In my neighborhood, like some others in town, we maintain an email list to share information. It’s often useful for finding lost pets, helping kids get summer jobs, selling or giving away stuff, borrowing a tool, arranging neighborhood dinner parties, and assisting neighbors in need. But it’s also proven to be a powerful tool to save money and find local contractors who provide great service.
For example, every fall there are usually several people looking for a new snow plow service for the upcoming winter and one of them will ask for recommendations. Other neighbors then recommend contractors they've been happy with or comment about services that have disappointed them. Then the contractors with the best reputations will be asked if they can provide a group rate for our neighborhood. The contractors are almost always happy to provide a nice discount to get several customers in close proximity. It saves them time and money, too. Once it is arranged, then anyone in our neighborhood can take advantage of the discount.
Our neighborhood shares reviews and gets group rates this way for lots of services, including window cleaning, mulch deliveries, insect control, driveway sealing, lawn work, and more.
The internet makes it easy at home and in business to work together and collaborate in this way, but for some reason local government hasn’t kept up. Tim and I propose building on what we do in my neighborhood to create an easy-t0-use template that can be provided to all the neighborhoods in Penfield, so all residents can enjoy the savings and other benefits of neighborhood collaboration.
Networked Neighborhoods will be a new way to use social media, specifically for the benefit of neighborhoods. Residents will be able to compare contractors, make group purchases to save money on services and share useful information. Think of it as being like a simplified hybrid of GroupOn, Angie’s List, and Facebook, but using free online tools. We’ll develop a template, but it will be up to each neighborhood to implement and manage their own group. This way there should be very little or no expense to the town.
Neighborhood and individual participation will be completely voluntary, but the greater the participation, the greater the possible savings. With large enough participation, Murphy & Burns hope to facilitate money-saving opportunities on a town-wide basis for group purchases of services such as green electricity and neighborhood leaf pickup.

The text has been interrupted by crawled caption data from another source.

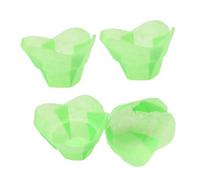 Beatifufu 100 Pièces Caissettes Cupcake Vertes Résistantes Chaleur Papier Antiadhésif Lot pour Muffins Pâtisserie et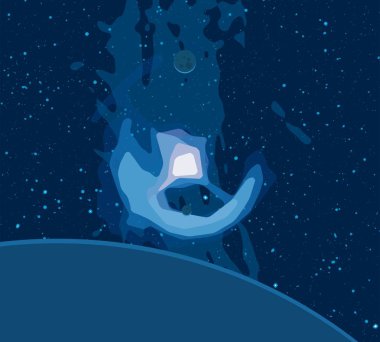 soyut yaratıcı alan arka plan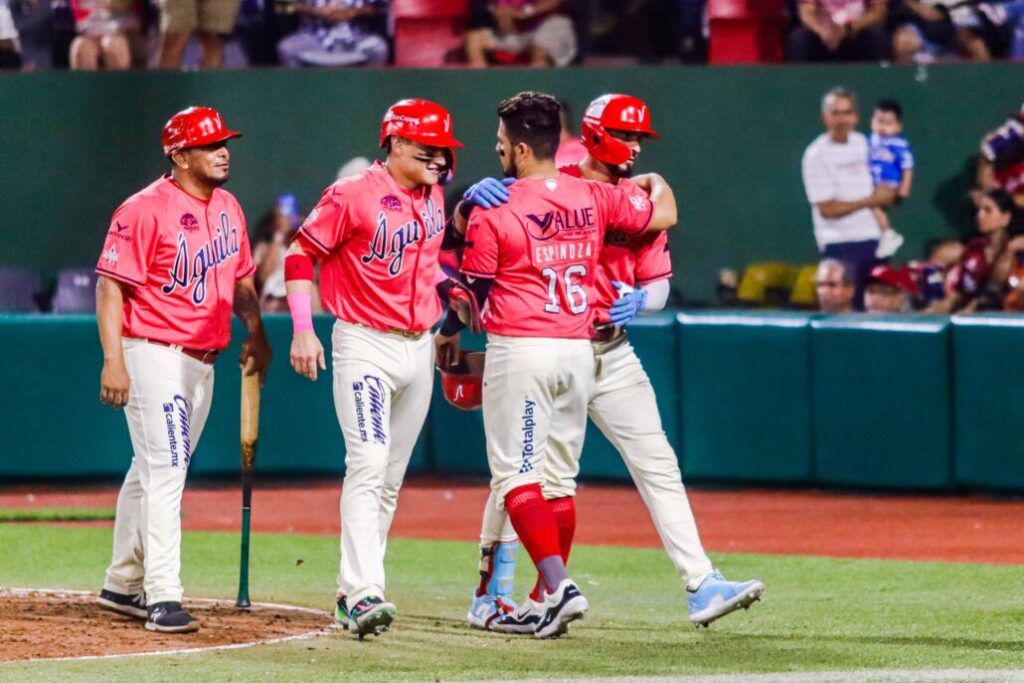 Herlis Rodríguez comanda el triunfo de El Águila sobre los Bravos de León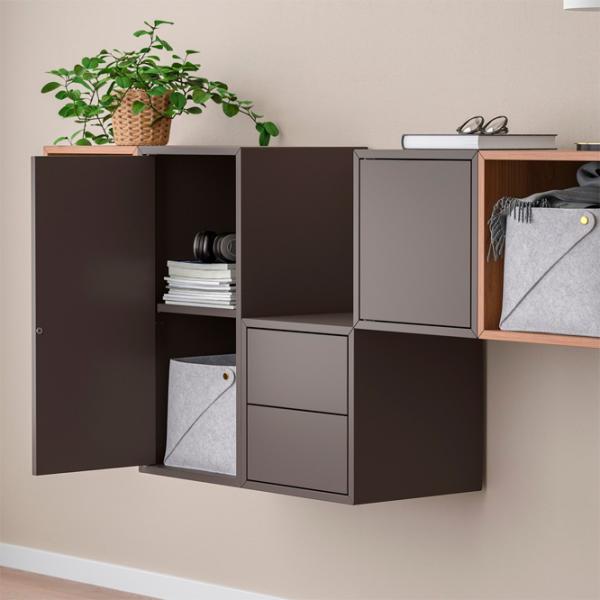 Полки Ikea Eket ДСП / Разноцветный photo 2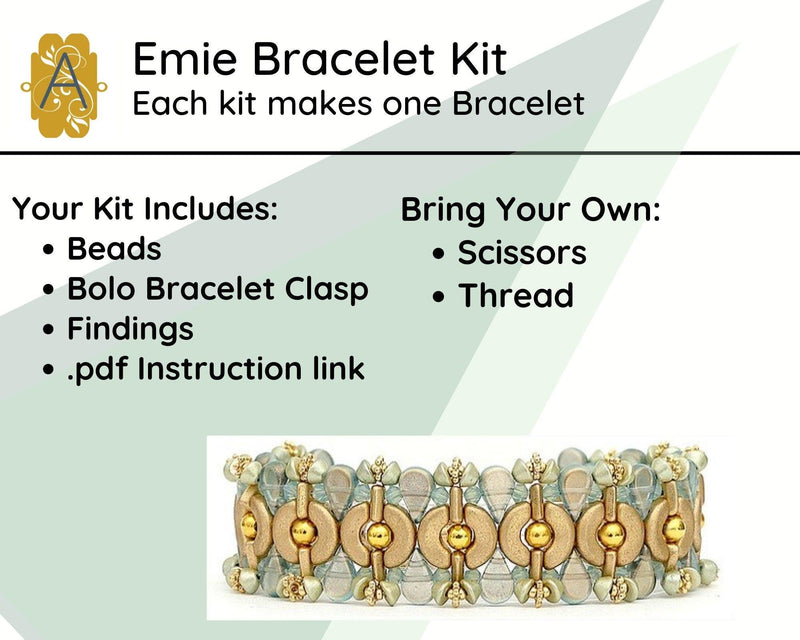 Emie Bracelet Kit - The Argus Collection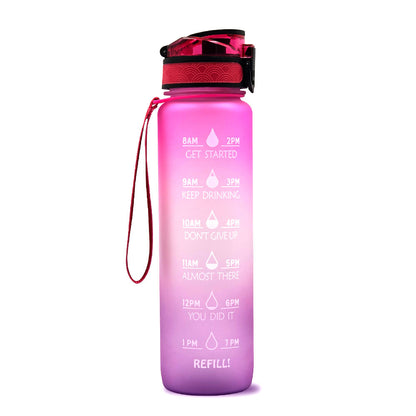 1L Water Bottle  For Sports & Fitness
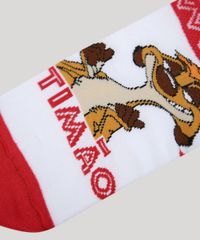 Meia-Infantil-Lupo-O-Rei-Leao-Cano-Baixo-Vermelha-9974145-Vermelho_2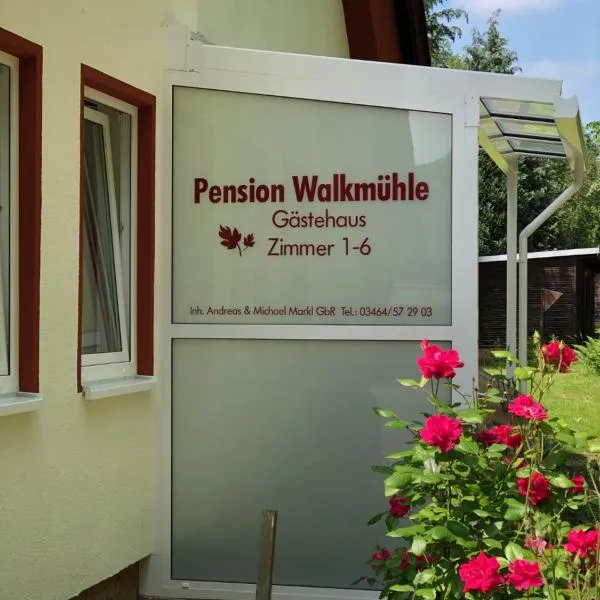 Pension Walkmühle, hotel in Sangerhausen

Several residents have told us they think it’s wasteful to have multiple garbage services working in their neighborhood. Networked Neighborhoods could enable neighbors to decide for themselves to select fewer service providers or even a single service provider for their area. The garbage services could be invited to compete with better rates to get the neighborhood’s business.
Networked Neighborhoods will also provide a new opportunity for two-way communication with the Penfield town government, so residents can more easily learn about and participate in what’s going on in the community.
Networked Neighborhoods is an example of the useful role Tim and I believe local government can serve for Penfield. There are lots of reasons government can’t provide all of the services many of us would like, but it can facilitate to help make high quality services available in a cost-effective manner. There are many underutilized benefits to working together as a community – the power of group purchasing is one of them.